Patrick Rakotomalala (Lalatiana PitchBoule) 18/04/2026

Anatomie d’un ouvrage clé

Et si le drame malgache ne venait pas seulement de la pauvreté, de la corruption ou de l’instabilité, mais d’une erreur plus profonde : l’obstination à penser Madagascar avec des catégories qui ne sont pas les siennes ? C’est la thèse rugueuse, discutable par endroits, mais salutaire, de Providence républicaine, ouvrage de Mamy Rakotondraibe, préfacé par Bernard Ramanantsoa : Madagascar n’a pas seulement été mal gouverné. Il a été mal compris.

Cet ouvrage propose moins un manifeste qu’une lecture de fond du pays. Le livre a ses angles morts. Il est parfois trop anthropologique, trop moral, pas assez attentif aux déterminants économiques et sociaux à mon goût. Mais il a le mérite de poser enfin, avec netteté, une question que beaucoup d’entre nous pressentent sans la formuler : à Madagascar, le divorce entre les formes de l’État et la vérité vécue de la société nourrit l’informel, pousse cet informel vers la corruption, et installe une défiance profonde envers la justice et l’autorité publique.

Autrement dit : le problème n’est pas seulement que l’État fonctionne mal. C’est qu’il parle une langue que le pays réel ne parle pas. Le désir d’une refondation et d’une nouvelle constitution trouve ici son origine.

Un pays moins en échec que mal interprété

Il y a des pays qu’on exploite. D’autres qu’on oublie. Madagascar, lui, subit depuis longtemps un sort plus subtil et peut-être plus destructeur : il est mal interprété.

C’est là le cœur du propos. Le texte ne demande pas d’abord pourquoi Madagascar échoue. Il demande pourquoi ceux qui prétendent le redresser s’acharnent à le lire de travers. La nuance est décisive. Un pays peut survivre longtemps à ses manques. Il survit beaucoup plus mal aux contresens répétés sur ce qu’il est.

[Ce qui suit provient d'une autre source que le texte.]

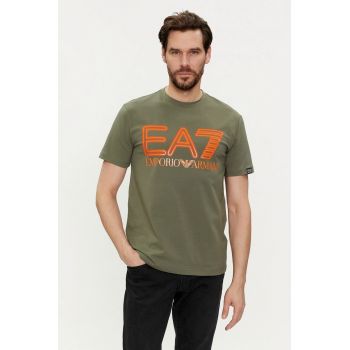 Tricou Barbati EA7 -  3DPT37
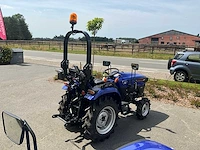 2024 farmtrac 20 minitractor - afbeelding 17 van  19
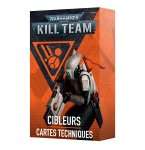 KILL TEAM: CIBLEURS – CARTES TECHNIQUES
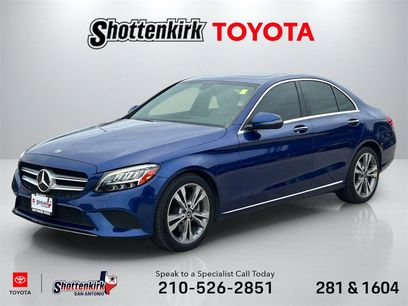 Used 2021 Mercedes-Benz C 300 Sedan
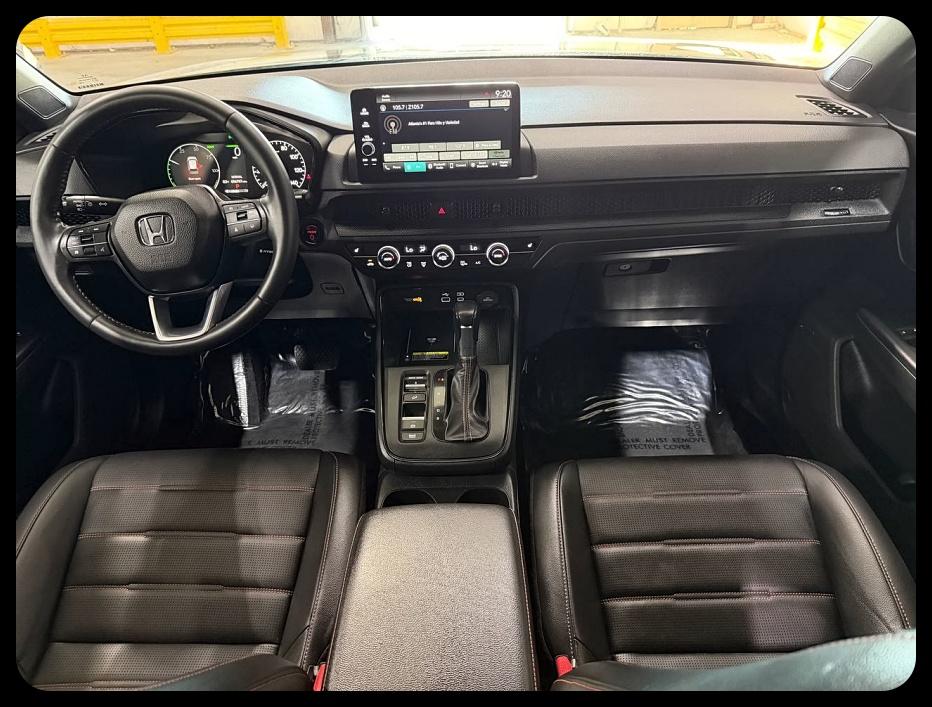 Honda CR-V Hybrid Sport-L 2024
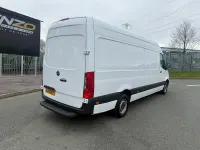 Used Mercedes Sprinter Progressive 2021 White Van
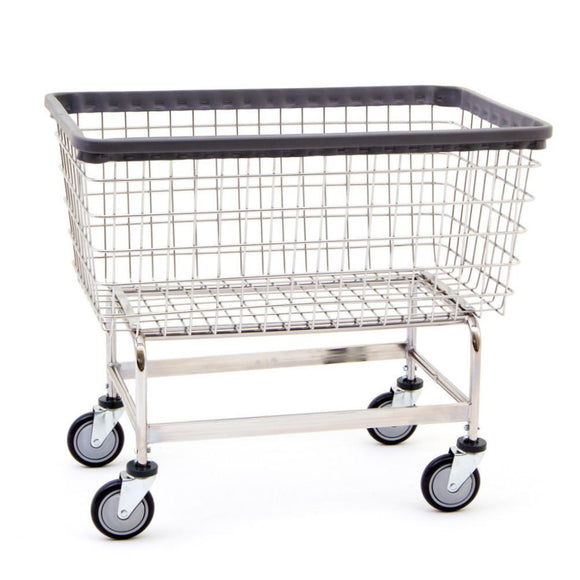 R&B Wire 201H Large Capacity Laundry Cart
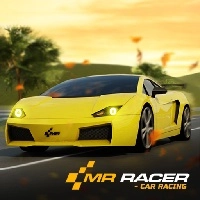 mr_racer_car_racing ألعاب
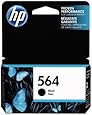 HP 564 Black Original Ink Cartridge (CB316WN)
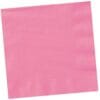 Hot Pink Napkins Beverage 20Ct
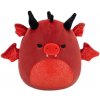 Squishmallows Červený drak Salami 196566452572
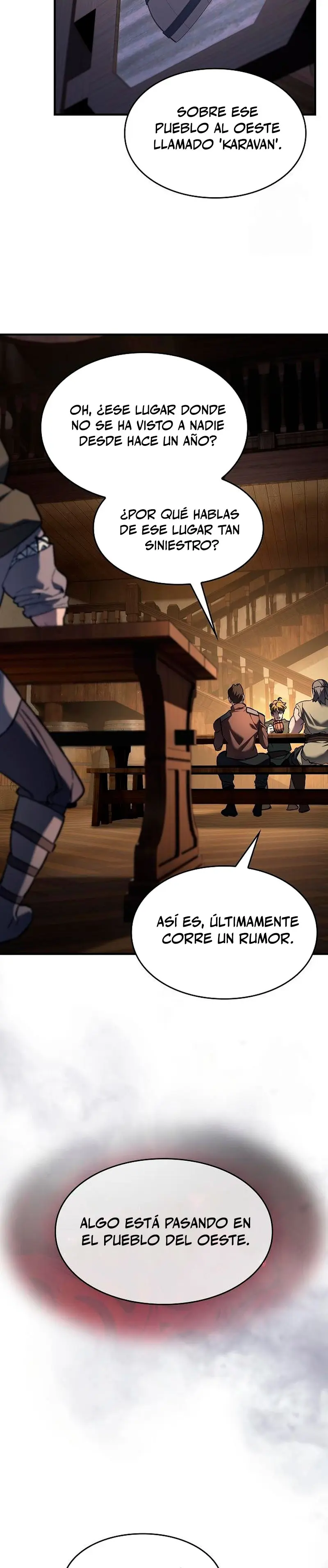 Maestro de la espada devorador de espadas Capítulo 7 - Page 39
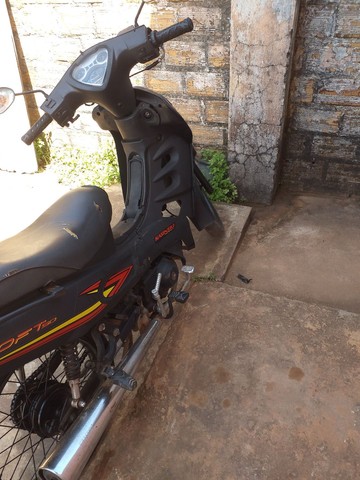 MOTO KASINSK SOFT 50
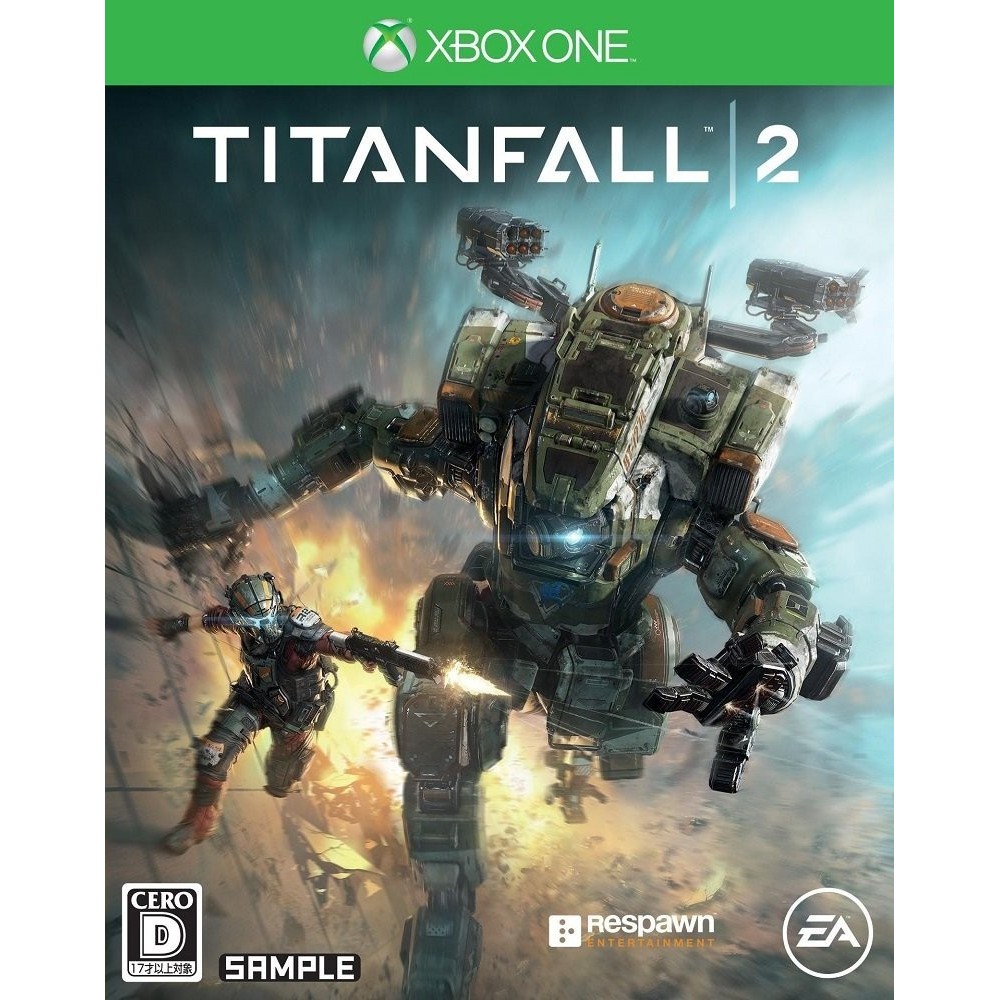 TITANFALL 2 (pre-owned) XBOX ONE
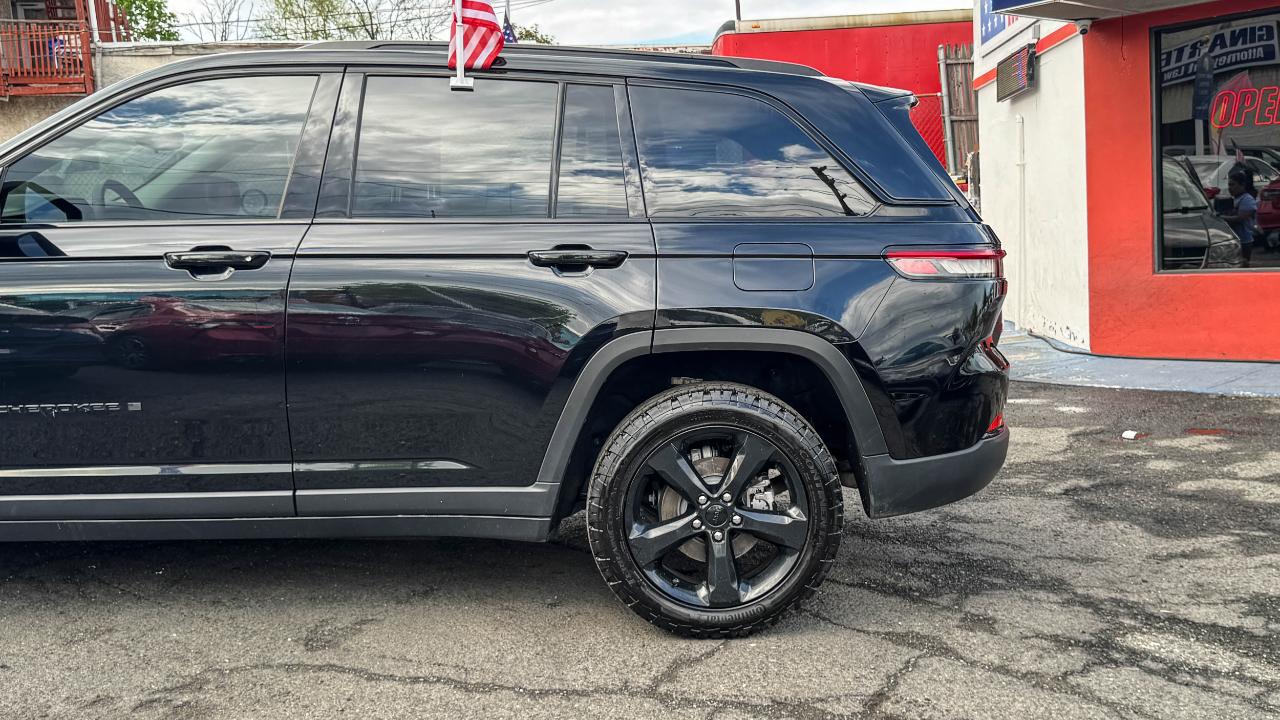 Jeep Grand Cherokee Limited 4x4 2023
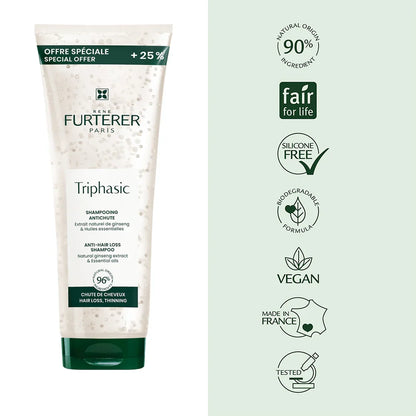 Rene Furterer Triphasic Stimulating Shampoo - René Furterer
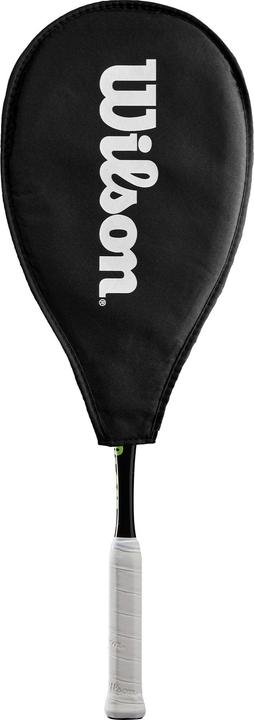 Produktbild Wilson Blade Team squash racket WR042810H0 Black One size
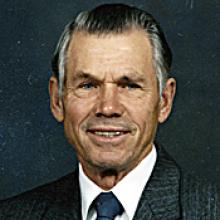 PETER KROEKER  Obituary pic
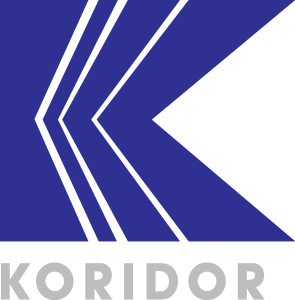 Koridor Logo Vector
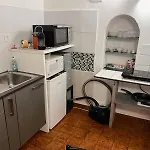 Apartment Entresol 1,2 Kilometre De La Promenade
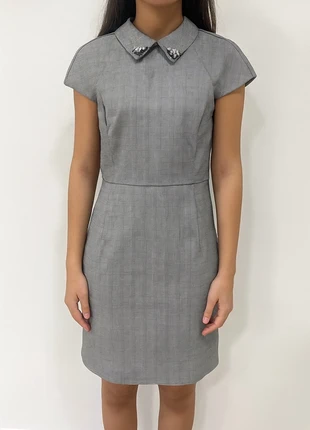 Robe Zara à carreaux Chic, marque: Zara, état: Très bon état, taille: M / 38 / 10, 16,00 €, 17,50 € Protection acheteurs incluse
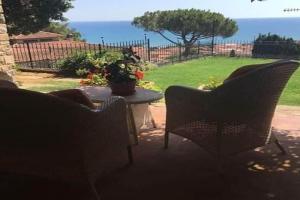 APPARTAMENTI PANORAMICI VISTA MARE Guest house, Castiglione della Pescaia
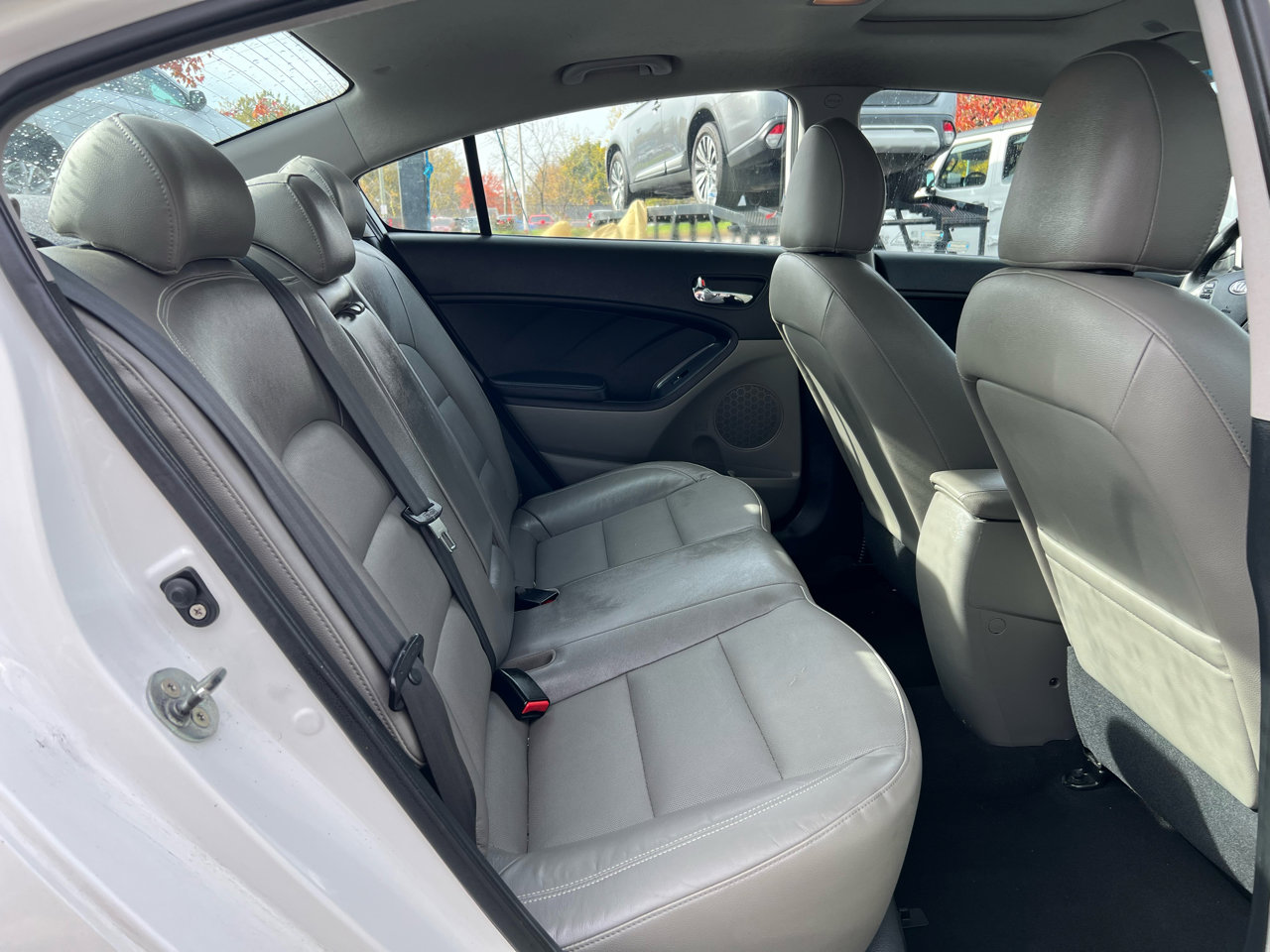 Used 2016 Kia Forte EX w/ EX Premium Package image 14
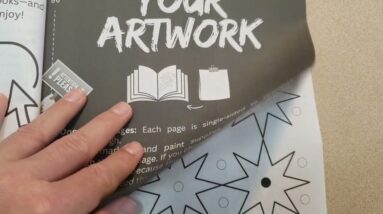 TOO MUCH VALUE? Satisfying Patters Coloring Book vol 2 review unboxing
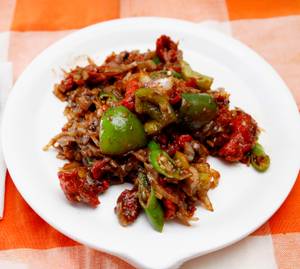 Pepper Beef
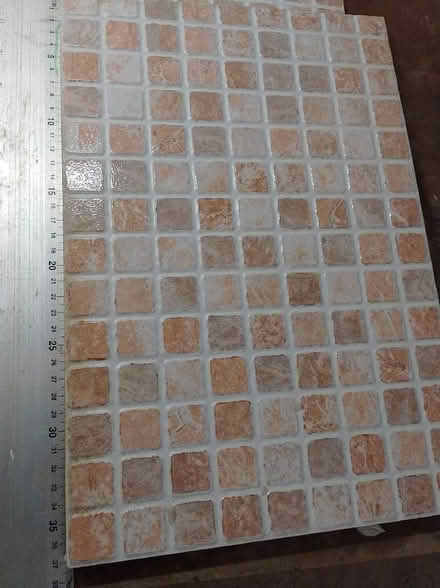 Photo of free Mosaic Tiles - varied sizes (Anstey LE7) #1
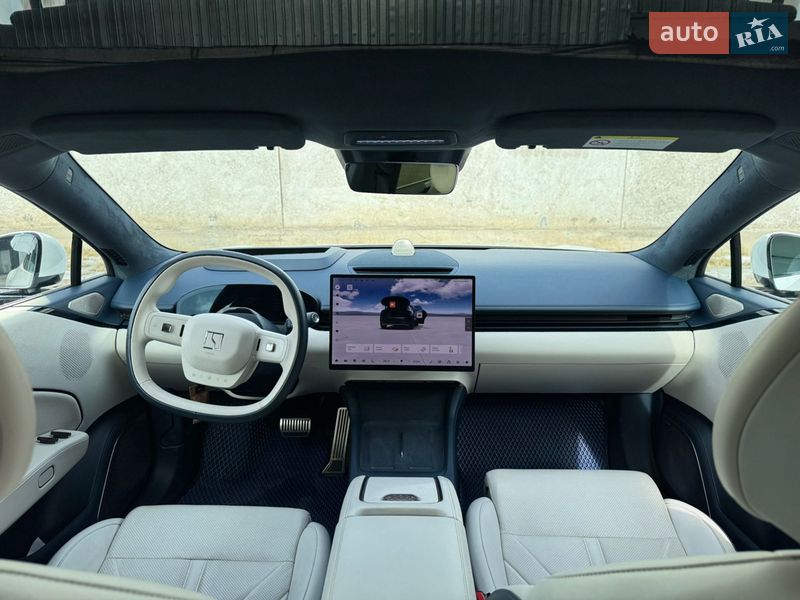 Седан Zeekr 007 2023 в Киеве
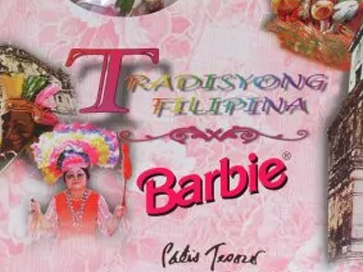 Tradisyong Filipina Barbie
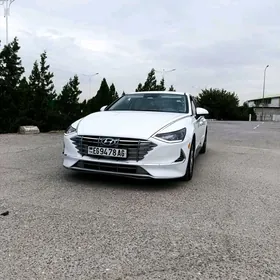Hyundai Sonata 2020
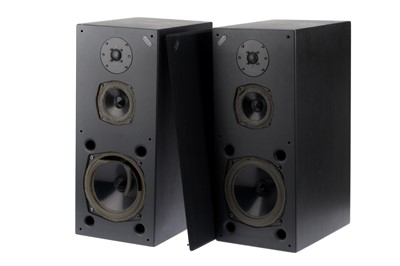 Lot 581 - A Pair of Acoustic Energy AE3 Speakers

Depuis des décennies, Madagascar est traité comme un cas à ranger. On le met dans la case “Afrique”, avec les recettes administratives prêtes à l’emploi, les diagnostics photocopiés et les leçons de gouvernance standardisées. Puis, quand cela ne marche pas, certains lui cherchent des racines “asiatiques”, comme si quelques héritages austronésiens suffisaient à faire de l’île une sorte de petit laboratoire discipliné de l’océan Indien. Et quand ni l’Afrique ni l’Asie ne donnent de clé satisfaisante, on ressort le kit occidental : Constitution, séparation des pouvoirs, procédures, élections, organigrammes, moralisation du discours public. Puis l’on s’étonne encore que tout tienne en façade et se vide dans la pratique.

Le texte a raison sur un point essentiel : Madagascar n’est ni un brouillon de l’Afrique, ni une Asie ratée, ni un Occident inachevé. Il est autre chose. Et c’est précisément parce qu’on refuse de partir de cette évidence que l’on recommence sans cesse les mêmes erreurs.

L’État mal ajusté

La thèse la plus forte du livre est là : Madagascar n’est pas seulement mal administré ; il est administré sur la base d’une mauvaise anthropologie.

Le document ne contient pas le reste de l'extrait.